Method A is better than method B at achieving X.

Scientist Y wants X. Therefore, scientist Y ought to use method A.

Simplicity, according to Kelly's arguments is a means to a minimal guarantee on a kind of convergence. We may take it or leave it. There are of course many other features of a method we are interested in, like speedy convergence, monotone convergence, greater inclusiveness for potential models, etc.

Thanks for the link; it greatly clarifies your point about unthinking acceptance of simplicity as a scientific goal. Now it has me thinking about explanations for this difference between the methods of social and physical scientists. Undoubtedly, the analytic tradition Kelly comes from has strongly favored physical science methods and goals. The modeling needs there are quite different than, say, when figuring out which factors influence voting patterns. I can see where casting a wide net for potential variables of influence is needed. If they are nulled, then they are culled. Something like that, anyway. I can see how this may motivate the use of something like Bayesian Model Averaging (BMA) instead of BIC or AIC. Then again, in this domain, I am way out of my depth and would gladly concur to the understanding of a practicing social scientists.

Finally, I must admit that there are many potentially relevant details in statistical model selection and the background information in the domains of interest that complicate any cartoon of the situation that I could possibly draw. Worse, I am being terribly imprecise by not defining important terms, referencing the appropriate proofs, and recognizing specific ways in which stronger assumptions may modify methodological recommendations. I know just enough to get myself into some trouble.

Best Regards.

John:

Thanks for the discussion.

As discussed in chapter 6 of Bayesian Data Analysis, I much prefer continuous model expansion to discrete model averaging (the so-called BMA).
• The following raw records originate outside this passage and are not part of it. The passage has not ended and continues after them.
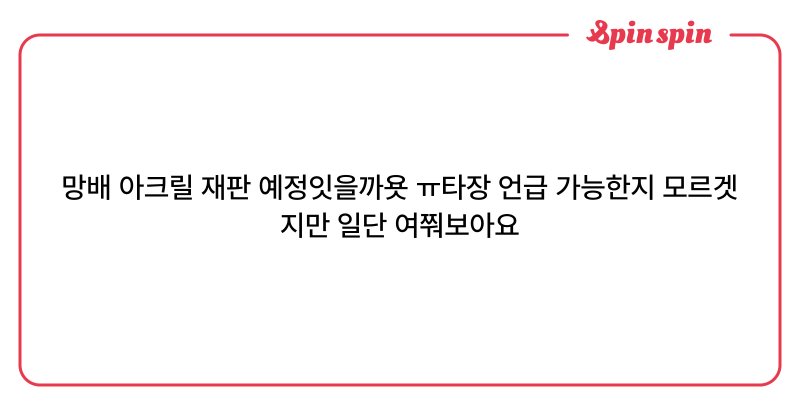 Tweet card summary image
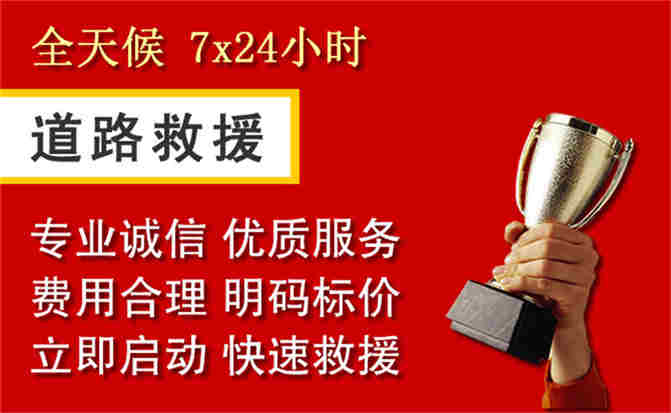 2026年秋季雨水偏多，陈仓区道路救援面临多重运营难题分析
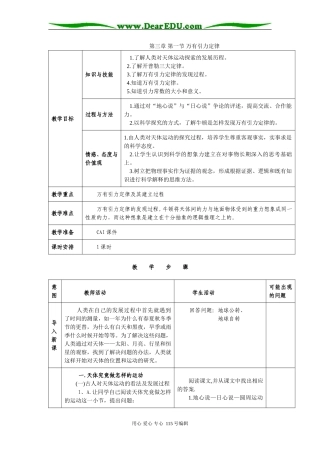 第一节 万有引力定律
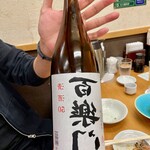 四ツ木製麺所 - ５とっくり目 奈良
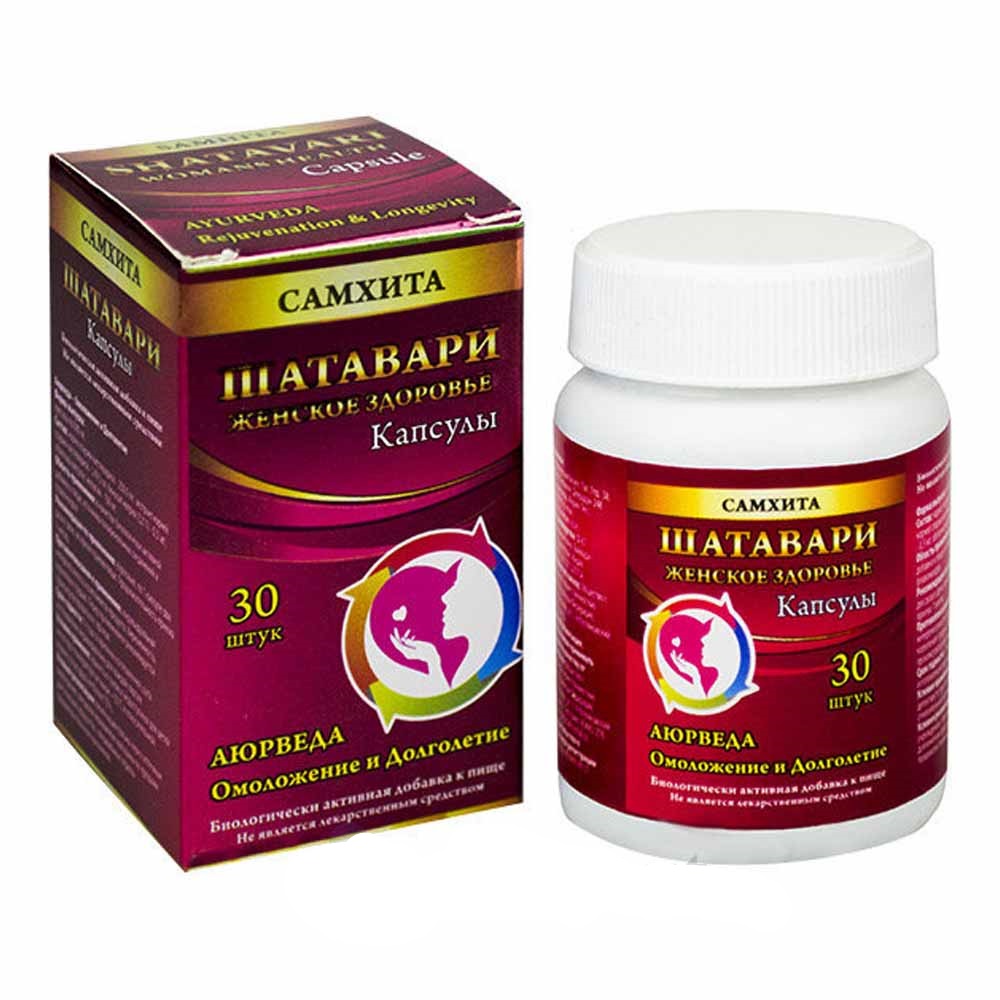 Шатавари капс №30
Regarding your other point, my impression from glancing at Kelly's articles was that he is interested in "theory choice problems" and "finding the true answer to a scientific question when the answers are theories or models." Neither of these really fit the social-science research that I do most of the time.

That said, I can well believe that his ideas and methods could be useful. After all, I use the normal distribution all the time, and I don't think that's correct either.

Andrew: Thank you. This discussion has really motivated me move some of your books (esp. Bayesian Data Analysis) off of my 'to read' list and into my hands!

John, Thanks so much for the links and well written explanations. Do you lurk at overcomingbias.com or lesswrong.com? Your comments would be greatly appreciated there.

Michael: You are too kind. I do lurk on both of those sites, but my extended engagement on either site would likely be as an interested critic—I am skeptical of many of the strong claims made by philosophical Bayesians , Libertarians, Transhumanists, Futurists and Futarchists, though I am fascinated by all of these positions.

Would a professional statistician care to comment on the possible relationship of the Razor to things like the Akaike Information Criterion (AIC), the corresponding Bayes Information Criterion (BIC, which I believe is essentially equivalent), and notions like divergence measures to the problem of model selection? Sure, in the narrow there's Likelihood, but that may have problems.

Thanks.

Jan: I would not call myself a professional statistician, though I do work in Business Intelligence and other applied areas, however I would refer you to Forster's "The New Science of Simplicity" from A. Zellner, H. A. Keuzenkamp, and M. McAleer's

Simplicity, Inference and Modelling. Forster does an admirable job of summarizing AIC and BIC, while defending AIC, in particular. They are not, by the way, equivalent– though they both discount as a function of free parameters, their scoring rules and their asymptotic behavior are quite distinct, for instance.Thanks much, John. I'll have a careful look.

An additional thought/question, prompted by John Taylor's use of the words "asymptotic behavior": Suppose the number of observations is constrained to be two million or more. How does that change approaches or emphasis within curve fitting and model construction, given typical human standards for knowing and certainty? Are things just done the Same Old Way?